> _Task objective_
Of the entries below, return exactly those lines that fall between the one containing "Rolex Cellini ref.4012" and the one containing "MENFLY ATFG Moss", the two end lines included.
START Data for this task
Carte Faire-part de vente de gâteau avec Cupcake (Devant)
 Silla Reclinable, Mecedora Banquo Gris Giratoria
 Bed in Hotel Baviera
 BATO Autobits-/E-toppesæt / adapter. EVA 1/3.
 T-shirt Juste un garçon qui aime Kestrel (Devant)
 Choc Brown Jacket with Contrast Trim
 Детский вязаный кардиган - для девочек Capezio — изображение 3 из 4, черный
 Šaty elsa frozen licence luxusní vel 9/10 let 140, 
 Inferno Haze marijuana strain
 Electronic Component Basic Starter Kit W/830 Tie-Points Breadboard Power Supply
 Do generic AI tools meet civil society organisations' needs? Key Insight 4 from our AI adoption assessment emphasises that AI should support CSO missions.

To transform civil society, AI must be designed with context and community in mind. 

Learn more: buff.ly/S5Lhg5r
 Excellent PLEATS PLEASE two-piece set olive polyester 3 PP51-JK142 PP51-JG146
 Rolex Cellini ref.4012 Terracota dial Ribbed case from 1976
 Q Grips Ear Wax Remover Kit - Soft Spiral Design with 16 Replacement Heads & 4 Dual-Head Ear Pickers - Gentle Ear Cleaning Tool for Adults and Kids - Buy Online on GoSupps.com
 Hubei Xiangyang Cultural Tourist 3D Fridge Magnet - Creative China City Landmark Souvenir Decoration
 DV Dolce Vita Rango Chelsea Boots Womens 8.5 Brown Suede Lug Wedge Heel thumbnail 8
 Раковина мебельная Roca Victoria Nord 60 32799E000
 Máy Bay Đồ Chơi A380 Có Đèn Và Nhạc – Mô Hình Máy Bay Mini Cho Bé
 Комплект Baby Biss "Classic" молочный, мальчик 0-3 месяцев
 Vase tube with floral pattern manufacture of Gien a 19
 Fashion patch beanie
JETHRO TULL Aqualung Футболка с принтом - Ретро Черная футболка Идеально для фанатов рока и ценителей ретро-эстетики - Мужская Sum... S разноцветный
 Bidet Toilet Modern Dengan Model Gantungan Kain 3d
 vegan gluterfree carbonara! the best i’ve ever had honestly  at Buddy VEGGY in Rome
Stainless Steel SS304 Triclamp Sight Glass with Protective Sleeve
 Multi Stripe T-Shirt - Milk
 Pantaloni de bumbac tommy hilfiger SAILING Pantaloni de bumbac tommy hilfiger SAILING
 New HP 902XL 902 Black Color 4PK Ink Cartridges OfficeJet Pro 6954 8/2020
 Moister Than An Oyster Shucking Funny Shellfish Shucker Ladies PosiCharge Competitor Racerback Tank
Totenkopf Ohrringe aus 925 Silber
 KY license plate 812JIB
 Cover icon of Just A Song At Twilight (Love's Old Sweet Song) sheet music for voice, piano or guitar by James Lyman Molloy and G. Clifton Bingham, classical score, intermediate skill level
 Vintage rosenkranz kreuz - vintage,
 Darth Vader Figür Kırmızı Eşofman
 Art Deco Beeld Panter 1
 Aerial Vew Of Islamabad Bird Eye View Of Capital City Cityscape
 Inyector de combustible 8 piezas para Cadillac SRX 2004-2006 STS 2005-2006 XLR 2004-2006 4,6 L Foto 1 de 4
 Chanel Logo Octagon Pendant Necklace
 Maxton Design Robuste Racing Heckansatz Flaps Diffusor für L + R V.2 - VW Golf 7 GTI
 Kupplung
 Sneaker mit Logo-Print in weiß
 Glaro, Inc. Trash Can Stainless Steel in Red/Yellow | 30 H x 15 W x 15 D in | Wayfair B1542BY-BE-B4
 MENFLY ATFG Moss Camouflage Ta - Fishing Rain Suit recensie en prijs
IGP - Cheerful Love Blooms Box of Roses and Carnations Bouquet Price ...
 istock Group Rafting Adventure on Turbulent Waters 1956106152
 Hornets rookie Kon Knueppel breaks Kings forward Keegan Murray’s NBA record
END Data for this task
> _Exercise output_
 Rolex Cellini ref.4012 Terracota dial Ribbed case from 1976
 Q Grips Ear Wax Remover Kit - Soft Spiral Design with 16 Replacement Heads & 4 Dual-Head Ear Pickers - Gentle Ear Cleaning Tool for Adults and Kids - Buy Online on GoSupps.com
 Hubei Xiangyang Cultural Tourist 3D Fridge Magnet - Creative China City Landmark Souvenir Decoration
 DV Dolce Vita Rango Chelsea Boots Womens 8.5 Brown Suede Lug Wedge Heel thumbnail 8
 Раковина мебельная Roca Victoria Nord 60 32799E000
 Máy Bay Đồ Chơi A380 Có Đèn Và Nhạc – Mô Hình Máy Bay Mini Cho Bé
 Комплект Baby Biss "Classic" молочный, мальчик 0-3 месяцев
 Vase tube with floral pattern manufacture of Gien a 19
 Fashion patch beanie
JETHRO TULL Aqualung Футболка с принтом - Ретро Черная футболка Идеально для фанатов рока и ценителей ретро-эстетики - Мужская Sum... S разноцветный
 Bidet Toilet Modern Dengan Model Gantungan Kain 3d
 vegan gluterfree carbonara! the best i’ve ever had honestly  at Buddy VEGGY in Rome
Stainless Steel SS304 Triclamp Sight Glass with Protective Sleeve
 Multi Stripe T-Shirt - Milk
 Pantaloni de bumbac tommy hilfiger SAILING Pantaloni de bumbac tommy hilfiger SAILING
 New HP 902XL 902 Black Color 4PK Ink Cartridges OfficeJet Pro 6954 8/2020
 Moister Than An Oyster Shucking Funny Shellfish Shucker Ladies PosiCharge Competitor Racerback Tank
Totenkopf Ohrringe aus 925 Silber
 KY license plate 812JIB
 Cover icon of Just A Song At Twilight (Love's Old Sweet Song) sheet music for voice, piano or guitar by James Lyman Molloy and G. Clifton Bingham, classical score, intermediate skill level
 Vintage rosenkranz kreuz - vintage,
 Darth Vader Figür Kırmızı Eşofman
 Art Deco Beeld Panter 1
 Aerial Vew Of Islamabad Bird Eye View Of Capital City Cityscape
 Inyector de combustible 8 piezas para Cadillac SRX 2004-2006 STS 2005-2006 XLR 2004-2006 4,6 L Foto 1 de 4
 Chanel Logo Octagon Pendant Necklace
 Maxton Design Robuste Racing Heckansatz Flaps Diffusor für L + R V.2 - VW Golf 7 GTI
 Kupplung
 Sneaker mit Logo-Print in weiß
 Glaro, Inc. Trash Can Stainless Steel in Red/Yellow | 30 H x 15 W x 15 D in | Wayfair B1542BY-BE-B4
 MENFLY ATFG Moss Camouflage Ta - Fishing Rain Suit recensie en prijs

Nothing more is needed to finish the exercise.